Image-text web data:
------------------------------

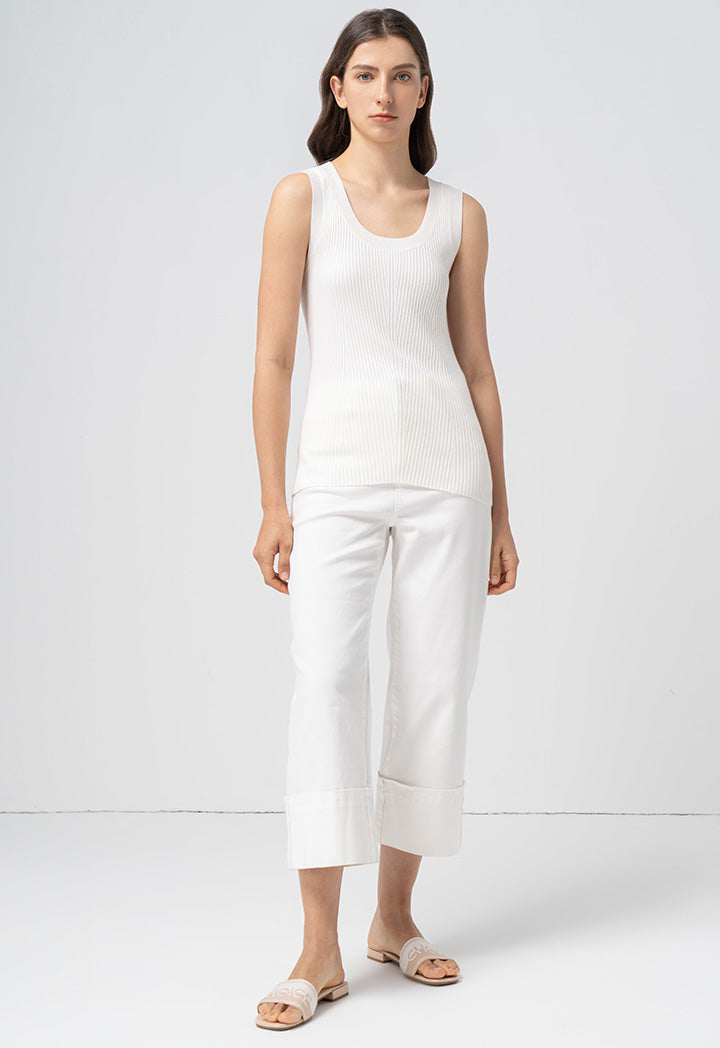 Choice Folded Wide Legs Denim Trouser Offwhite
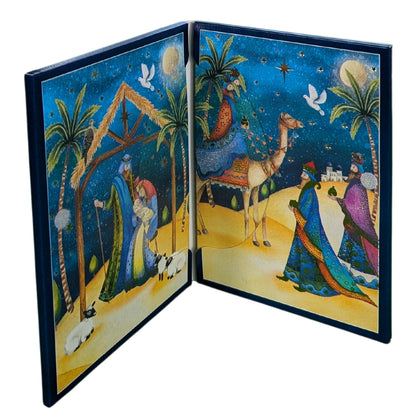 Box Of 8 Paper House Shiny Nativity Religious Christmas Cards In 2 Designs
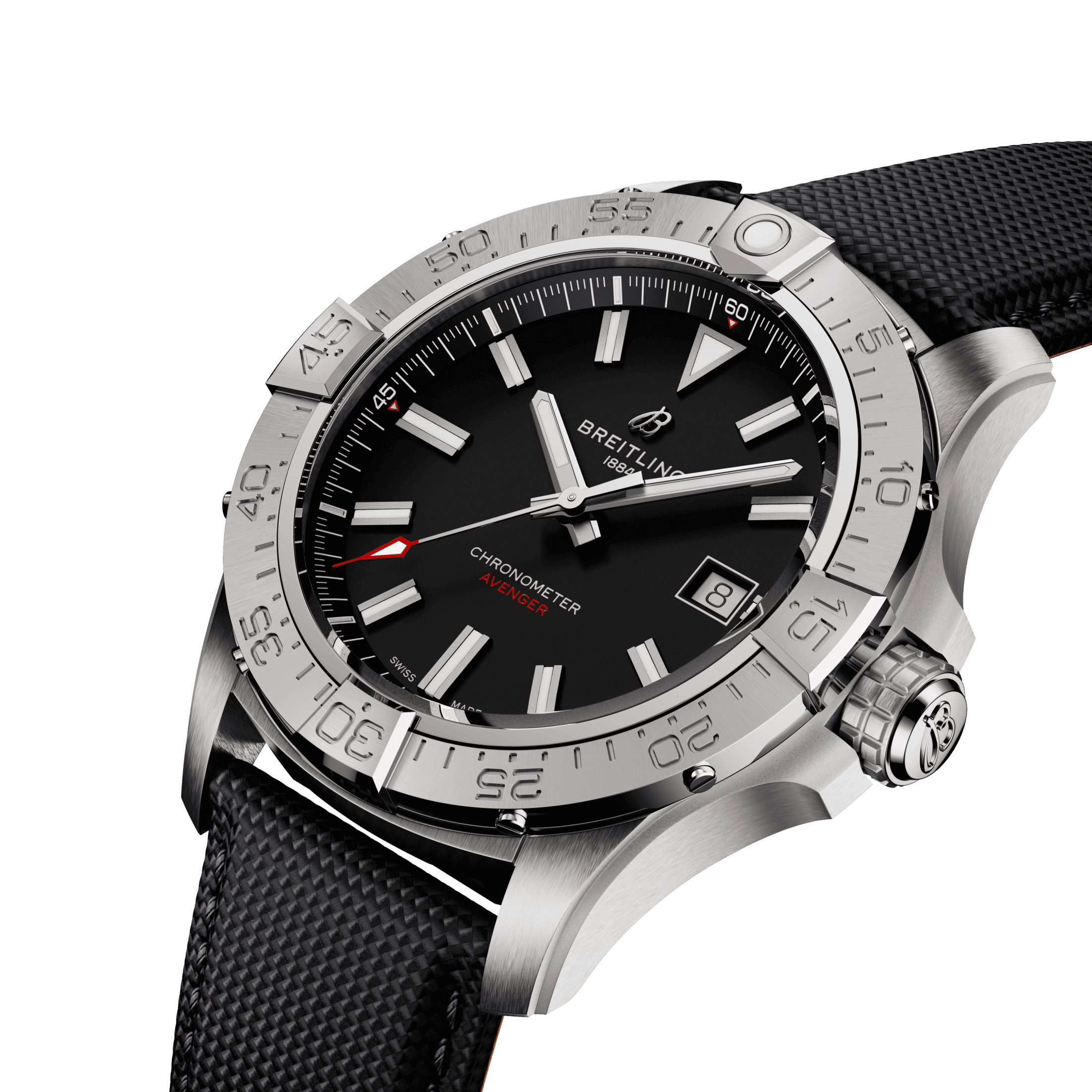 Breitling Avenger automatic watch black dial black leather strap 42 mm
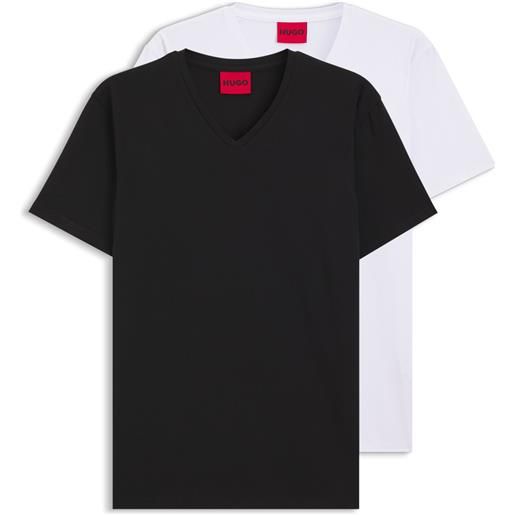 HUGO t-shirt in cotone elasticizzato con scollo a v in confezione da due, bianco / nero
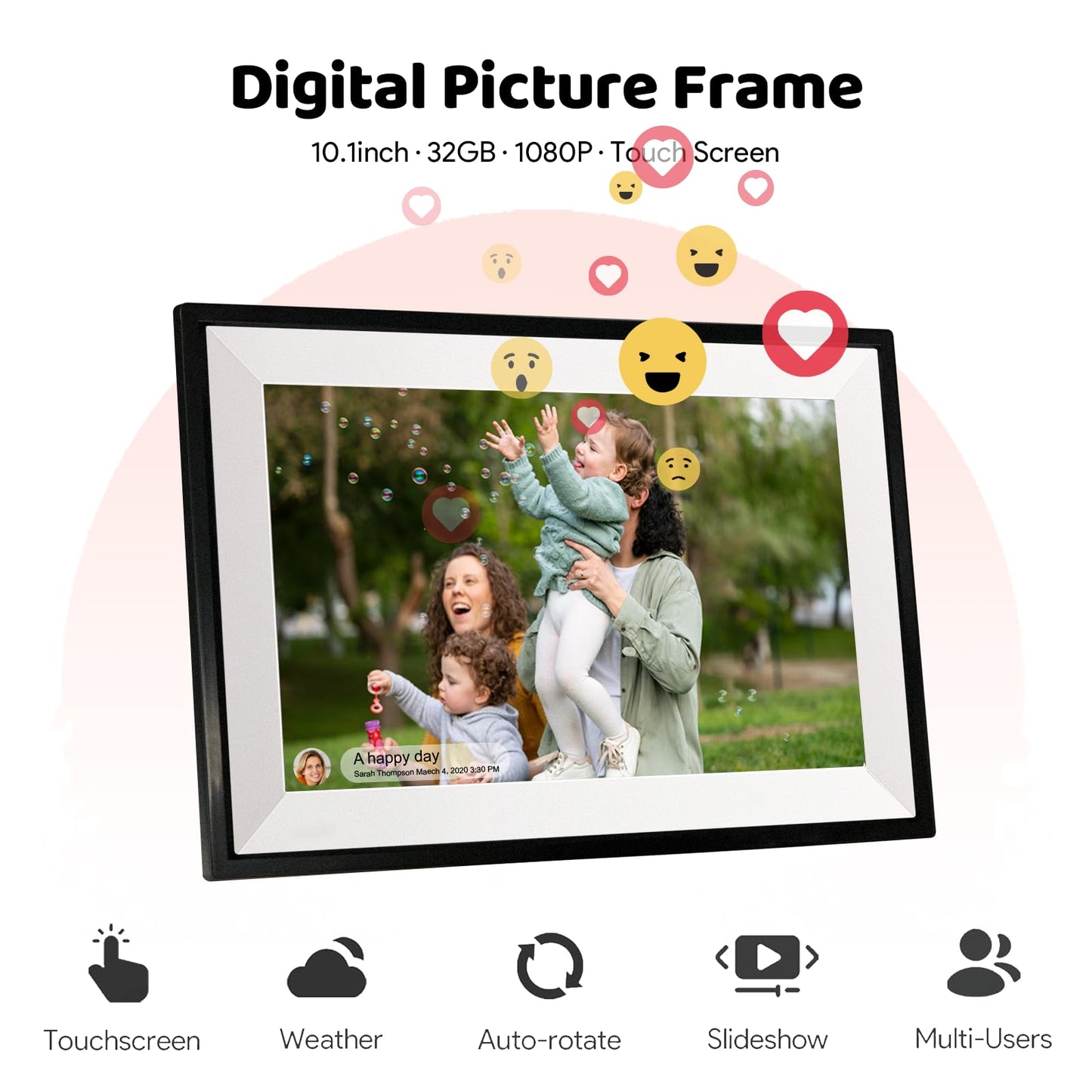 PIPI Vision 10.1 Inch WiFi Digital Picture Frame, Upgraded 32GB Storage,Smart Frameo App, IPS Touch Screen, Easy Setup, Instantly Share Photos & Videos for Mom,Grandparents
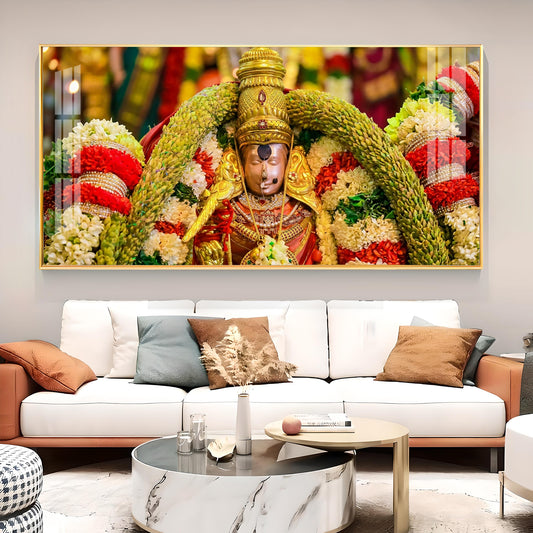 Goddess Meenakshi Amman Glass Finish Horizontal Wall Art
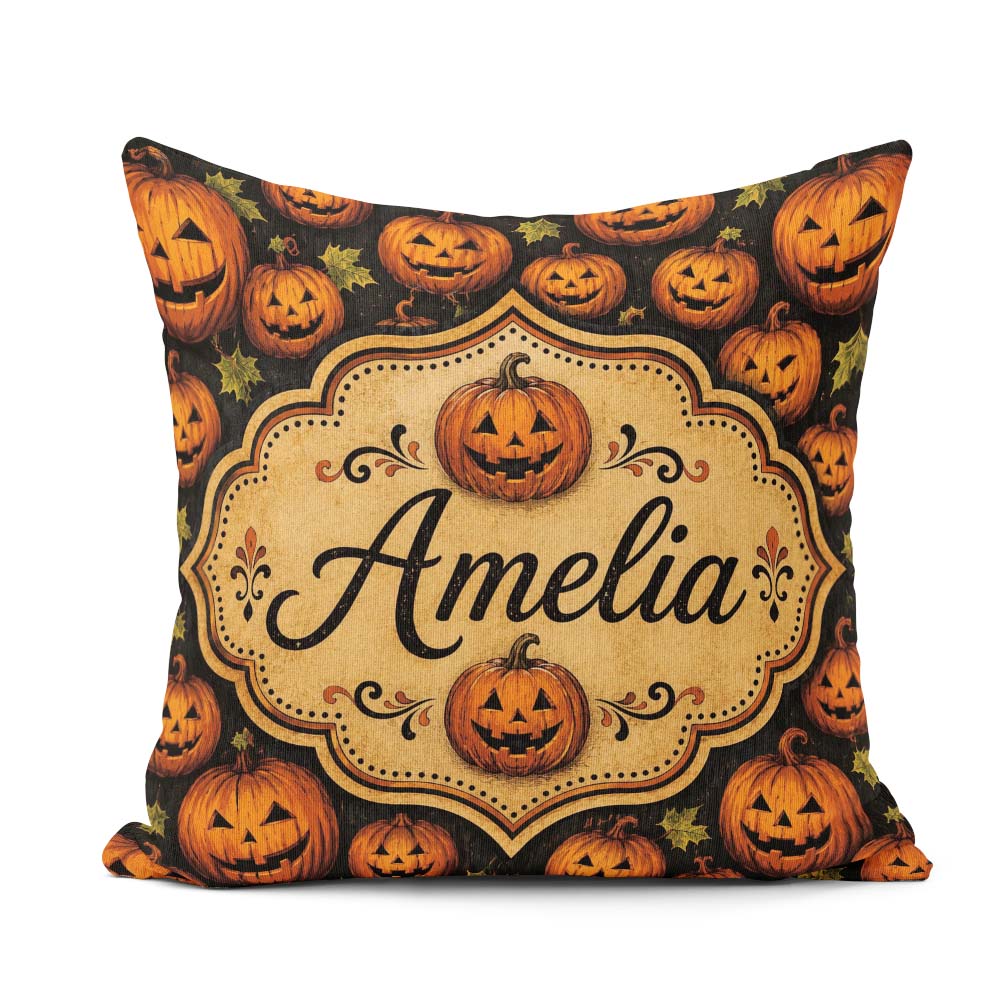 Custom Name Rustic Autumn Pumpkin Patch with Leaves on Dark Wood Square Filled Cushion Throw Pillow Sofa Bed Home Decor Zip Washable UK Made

------------------------------

WHAT IS BEING ASKED: Skip the pictures and retype exactly the lines from the one that contains "Breitling Avenger automatic" to the last line of the records.

RESPONSE AREA:
 Breitling Avenger automatic watch black dial black leather strap 42 mm
 HUGO t-shirt in cotone elasticizzato con scollo a v in confezione da due, bianco / nero
 PIPI Vision 10.1 Inch WiFi Digital Picture Frame, Upgraded 32GB Storage,Smart Frameo App, IPS Touch Screen, Easy Setup, Instantly Share Photos & Videos for Mom,Grandparents
 Goddess Meenakshi Amman Glass Finish Horizontal Wall Art
 Custom Name Rustic Autumn Pumpkin Patch with Leaves on Dark Wood Square Filled Cushion Throw Pillow Sofa Bed Home Decor Zip Washable UK Made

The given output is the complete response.